● DATA SUPPLIED:
○ ○ ○ ○ ○
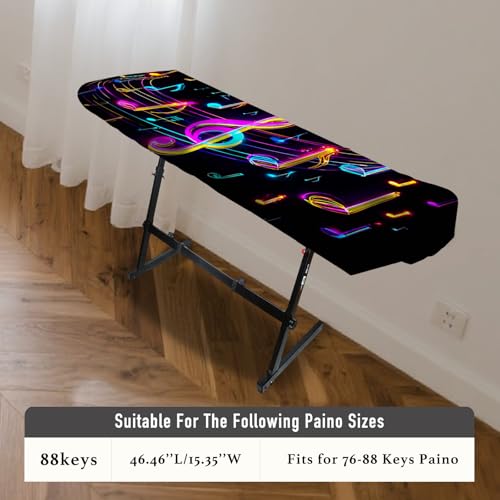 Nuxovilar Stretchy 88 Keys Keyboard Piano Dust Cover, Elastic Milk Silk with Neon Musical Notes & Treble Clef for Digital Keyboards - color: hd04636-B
○ ○ ○ ○ ○
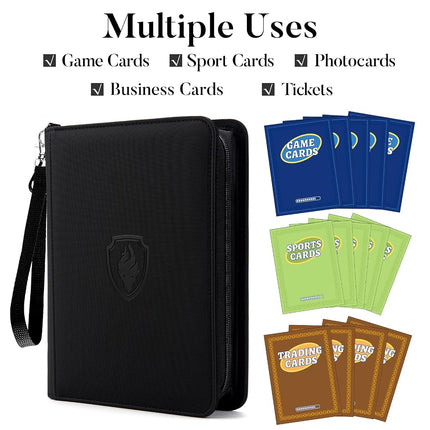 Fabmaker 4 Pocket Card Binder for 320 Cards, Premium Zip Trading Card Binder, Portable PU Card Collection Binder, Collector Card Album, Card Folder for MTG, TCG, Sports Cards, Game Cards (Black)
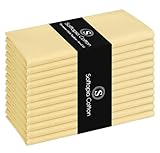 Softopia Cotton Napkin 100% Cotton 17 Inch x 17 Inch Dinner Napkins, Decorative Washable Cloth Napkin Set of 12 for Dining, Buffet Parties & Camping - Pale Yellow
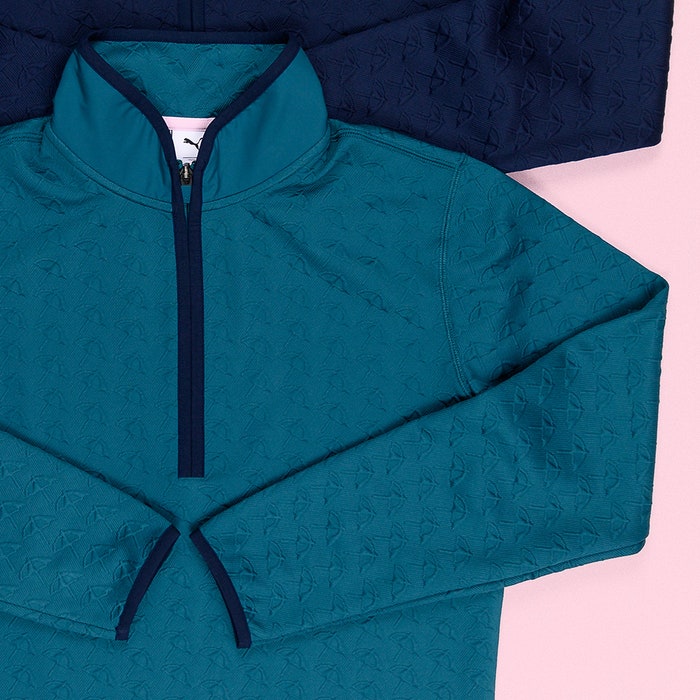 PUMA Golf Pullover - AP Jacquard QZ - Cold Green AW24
○ ○ ○ ○ ○
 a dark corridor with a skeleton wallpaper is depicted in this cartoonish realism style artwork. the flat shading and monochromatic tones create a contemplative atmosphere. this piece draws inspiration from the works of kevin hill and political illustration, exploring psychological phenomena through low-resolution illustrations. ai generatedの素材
○ ○ ○ ○ ○
● WHAT THE TASK ASKS:
The lines above starting at the one that holds "Softopia Cotton Napkin" and ending at the one that holds "PUMA Golf Pullover" are to be written out exactly, ends included, and no pictures are to be copied.

● EXERCISE RESULT:
 Softopia Cotton Napkin 100% Cotton 17 Inch x 17 Inch Dinner Napkins, Decorative Washable Cloth Napkin Set of 12 for Dining, Buffet Parties & Camping - Pale Yellow
 PUMA Golf Pullover - AP Jacquard QZ - Cold Green AW24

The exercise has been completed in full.